Backman v. Secretary of the Commonwealth

Liacos, J.

(dissenting). Article 48 of the Amendments to the Massachusetts Constitution requires that a legislative amendment to that document be approved by joint constitutional session of two succeeding sessions of the General Court before it can be submitted to the people. Art. 48, The Initiative, IV, §§ 4 & 5. Section 2 provides that “if the two houses fail to agree upon a time for holding any joint session hereby required, or fail to continue the same from time to time until final action has been taken upon all amendments pending, the governor shall call such joint session or continuance thereof.” Art. 48, The Initiative, IV, § 2, as amended by art.- 81 of the Amendments. The question before us is what steps the Governor must take, after the General Court has been prorogued, to exercise his power to call the General Court into a joint constitutional session. For reasons that are difficult to discern, the court *557appears to hold that “the Governor’s action runs afoul neither of any specific nor of any necessarily implicit requirement of the Constitution.” Supra at 555. Because I believe that the position taken by the court misconceives our role under our Constitution, I dissent.

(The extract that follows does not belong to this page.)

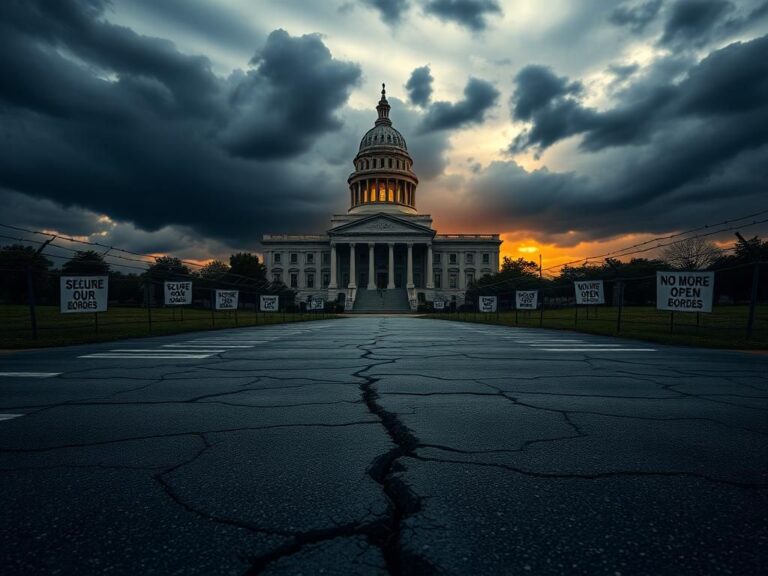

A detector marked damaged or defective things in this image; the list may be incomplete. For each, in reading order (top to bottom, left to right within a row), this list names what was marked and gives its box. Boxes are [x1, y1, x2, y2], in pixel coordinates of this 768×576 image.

cracked asphalt [1, 318, 768, 572]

I believe that the outcome of this case should turn on a thorough examination of the Massachusetts Constitution and of our cases. The essential issue is the scope of legislative and executive power under the procedures mandated by art. 48, The Initiative, IV, and Part II, c. 2, § 1, art. 5, of the Massachusetts Constitution. Although the court acknowledges the fact that “we have never explicitly incorporated” the Federal political question doctrine “into our State jurisprudence,” supra at 554, the approach it takes is reminiscent of such an approach. Consequently, I defer consideration of Massachusetts law to comment briefly on this doctrine.

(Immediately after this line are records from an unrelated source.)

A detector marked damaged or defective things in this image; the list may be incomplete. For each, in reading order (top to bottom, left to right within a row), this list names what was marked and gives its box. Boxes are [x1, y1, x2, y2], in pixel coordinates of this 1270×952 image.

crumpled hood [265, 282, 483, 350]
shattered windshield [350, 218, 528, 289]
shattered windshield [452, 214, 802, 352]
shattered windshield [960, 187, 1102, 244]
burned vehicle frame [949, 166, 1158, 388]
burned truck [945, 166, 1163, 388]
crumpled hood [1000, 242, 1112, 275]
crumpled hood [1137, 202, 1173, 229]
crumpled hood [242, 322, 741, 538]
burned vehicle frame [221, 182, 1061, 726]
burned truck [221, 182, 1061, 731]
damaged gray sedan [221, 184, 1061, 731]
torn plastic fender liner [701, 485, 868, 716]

1. The Federal political question doctrine. The court concedes that the political question doctrine has never been adopted in Massachusetts. Perhaps recognizing that the doctrine is a source of confusion rather than of clarity, our predecessors have wisely avoided the doctrine. Moe v. Secretary of Admin. & Fin., 382 Mass. 629, 641-642 (1981). Colo v. Treasurer & Receiver Gen., 378 Mass. 550, 552-553 (1979).1 Loring v. Young, 239 Mass. 349, 360-361 (1921). One of the ironies of the court’s approach is that it parallels the political question doctrine at a time when it is in a state of confusion and decline in the Federal courts. See L. Tribe, American Constitutional Law § 3-16, at 71-72 n.l (1978); Henkin, Is There a “Political Question” Doctrine?, 85 Yale L.J. 597 (1976). In recent years, the Supreme Court of the *558United States has largely rejected arguments that issues before it presented nonjusticiable political questions. This process began in Baker v. Carr, 369 U.S. 186 (1962), where the Court held that issues of legislative apportionment did not present political questions. In Powell v. McCormack, 395 U.S. 486 (1969), the Supreme Court held that the issue whether a member of the House of Representatives was entitled to take his seat did not present a political question. In United States v. Nixon, 418 U.S. 683 (1974), the Court held that the issue of executive privilege did not present a political question.2

As it has been developed in the Federal courts, the doctrine is nothing more than a number of “analytical threads.”3 Under our State law, however, our sole object is to determine whether the Legislature or Chief Executive has acted pursuant to a constitutional grant of authority and has not acted contrary to any constitutional limitation. If so, then it can be said that the act of the Legislature or the Chief Executive is only open to political challenge.4 If the constitutional procedures have not been met, it is our judicial duty to so declare.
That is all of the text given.